特別管理産業廃棄物は、通常の廃棄物よりも厳しい規制で、必要な処理基準にもとづいて処分することが求められます。特別管理産業廃棄物の具体例は、以下の通りです。
- 廃油
- 廃酸
- 廃アルカリ
- 感染性産業廃棄物
- 特定有害産業廃棄物(廃PCB等、PCB汚染物、PCB処理物、廃水銀等及びその処理物、廃石綿等、有害産業廃棄物)
産業廃棄物を管理するマニフェストとは?
産業廃棄物の処理を、特定の収集運搬業者や処分業者に委託する場合、排出事業者はマニフェストを交付して廃棄物の処理状況の確認や報告をすることが義務付けられています。
これは、排出事業者に処理に関する責任を持たせることが目的の一つです。業者に委託した後でも、最終処分が完了するまでは排出事業者にも責任があります。万が一、委託業者が不法投棄などをした場合、排出事業者も処罰される可能性もあるのです。
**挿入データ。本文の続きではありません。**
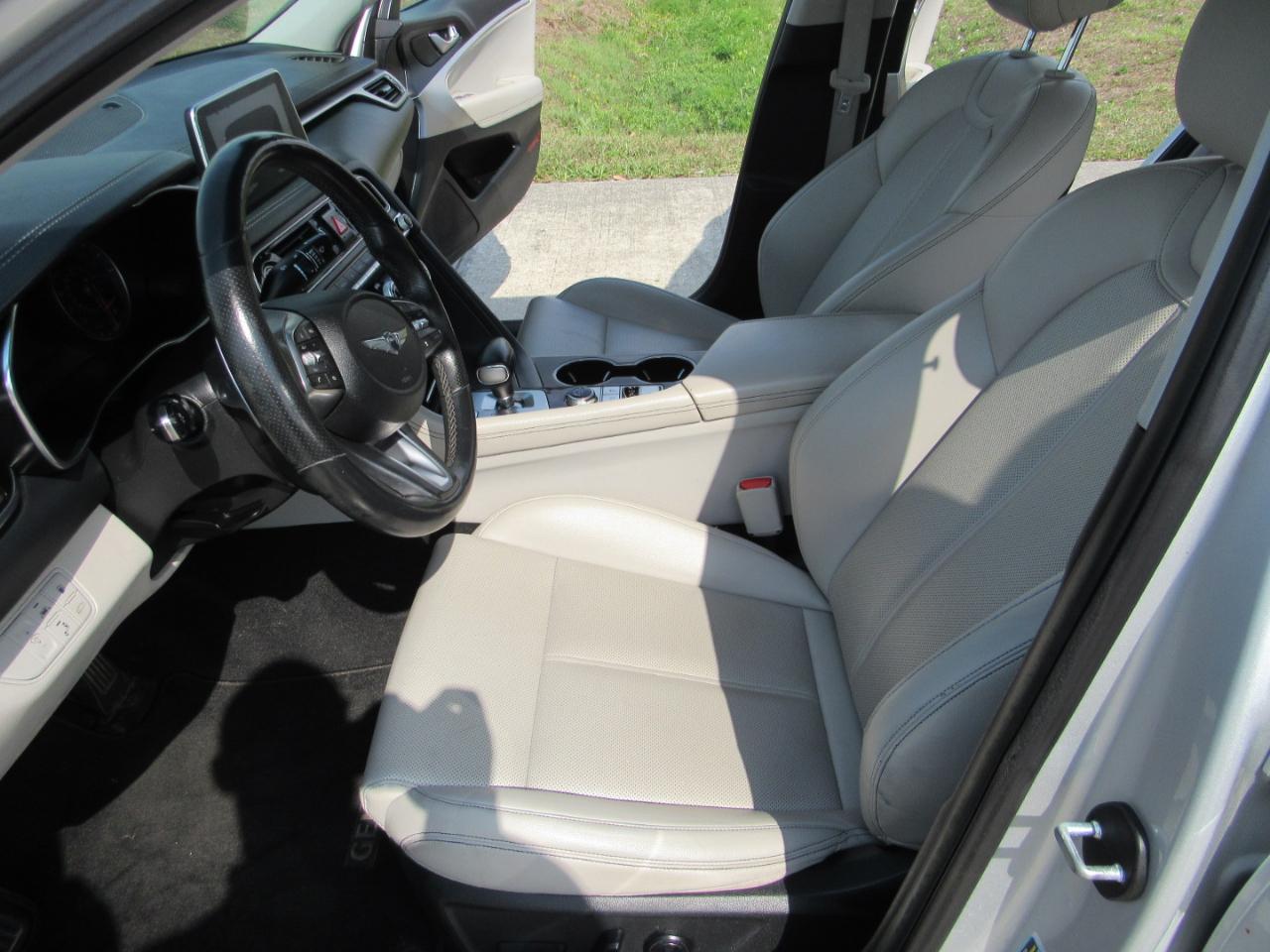 Genesis G70 2.0T Advanced RWD 2019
マニフェストを適正に運用することで、こうした不法行為を防ぐとともに、産業廃棄物の処理状況を正しく把握し、管理できます。
まとめ
家庭で出る一般ごみと同様に、企業が事業活動で排出する廃棄物についても、ルールを守って分別し、適正に処分する必要があります。なかでも産業廃棄物として指定されているものは、最終処分が完了するまで排出事業者がマニフェストを利用して管理することを求めています。
地球環境を守り、私たちの生活をより豊かなものにするためにも、廃棄物処理の徹底した管理が必要なのです。